Why This Matters for the Eagles' Offseason
The Eagles didn't fire their entire offensive coaching staff because things were going great. They didn't hire a Sean McVay-trained passing game coordinator because the passing game was fine. They didn't bring in Sean Mannion because Jalen Hurts was already maximizing his potential as a passer.
Every move the organization has made this offseason is a direct acknowledgment of what Lavonte David said publicly. The Eagles know their quarterback has limitations. The question — the one that will define the next two or three seasons — is whether those limitations can be coached away or whether they're structural.
David also offered a comparison that cuts deep: Jalen Hurts and Joe Flacco have nearly identical records through their first five seasons. Flacco went on to be a serviceable but ultimately replaceable quarterback. Hurts' ceiling depends entirely on what the new offensive staff can unlock in him.
The Window Is Still Open
None of this means the Eagles are in trouble. A 57-25 record with two Super Bowl appearances is objectively elite. The roster is loaded. The defensive line is among the best in football. Saquon Barkley is still in his prime. The window to win is real and it's open right now.
But Lavonte David's comments are a reminder that the entire league has the Eagles figured out on offense. The new coaching staff's only job is to make sure that's no longer true by September.
The timing of David's comments also matters. He made these statements as a retiring player with no axe to grind and no broadcast career to protect. Former players who want media jobs tend to stay diplomatic. David has already secured his legacy. His willingness to be direct about Hurts' limitations — and to explain exactly how Tampa exploited them — is the kind of honest evaluation that the Eagles organization almost certainly discussed internally during their offseason review. The question is whether the changes they've made are sufficient to solve the problem David identified.

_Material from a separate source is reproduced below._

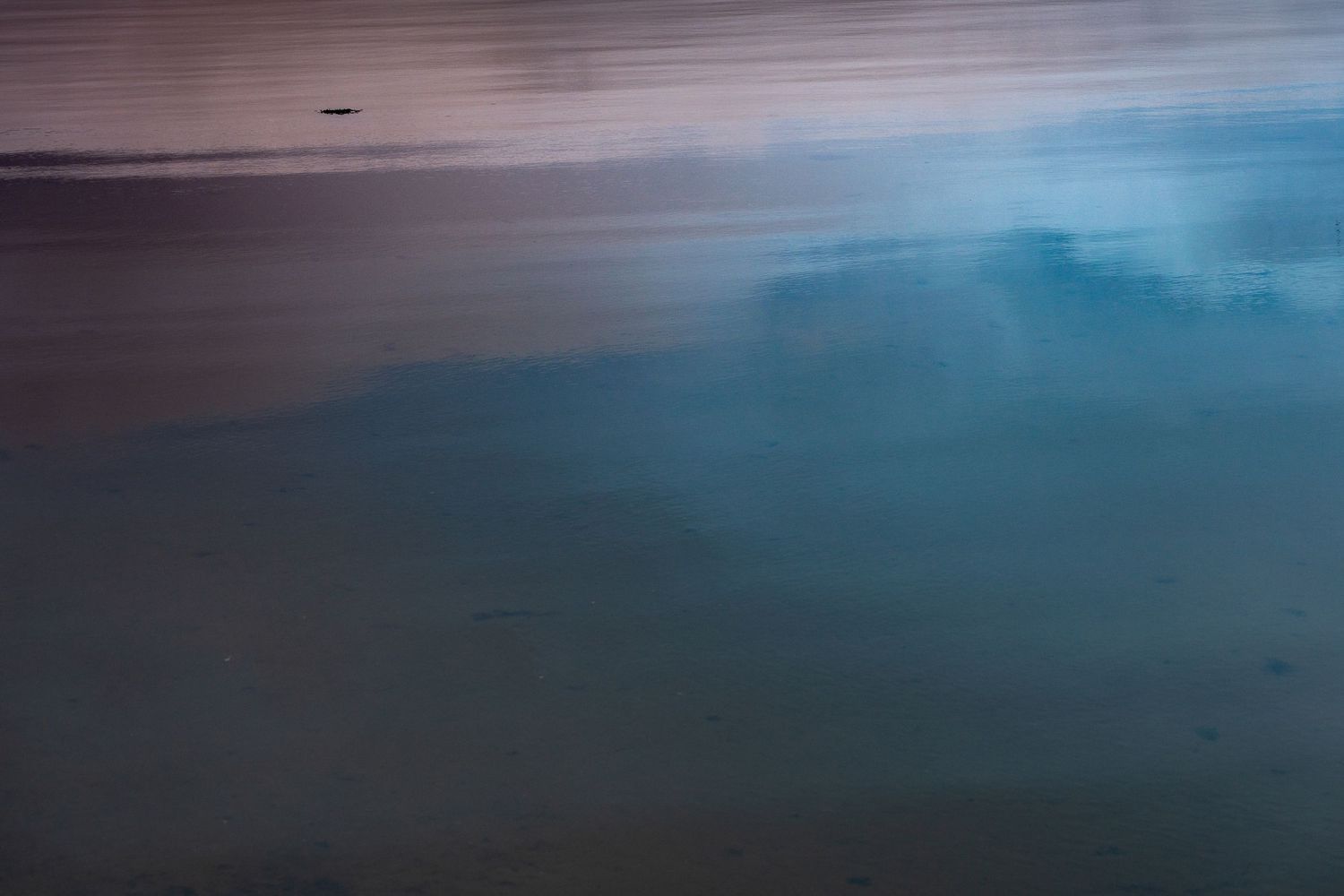 Abstract beach scene with blue sky reflections on wet sand at dusk, creating a serene coastal atmosphere.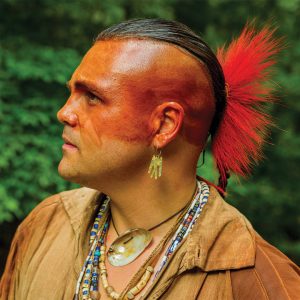 Native American man with a mohawk and tribal face paint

The comparison to Joe Flacco is instructive here. Flacco went 54-26 in his first five years, won a Super Bowl, and was considered one of the most effective game managers in football. Then defenses caught up with him, the Ravens' roster aged, and his limitations as a downfield passer became impossible to hide. Hurts sits at 56-22. The trajectory is eerily similar. The difference — the only difference that matters — is whether the new coaching staff can develop him beyond the game-manager ceiling that Flacco never escaped. The Eagles are betting they can. The entire offseason has been built around that bet.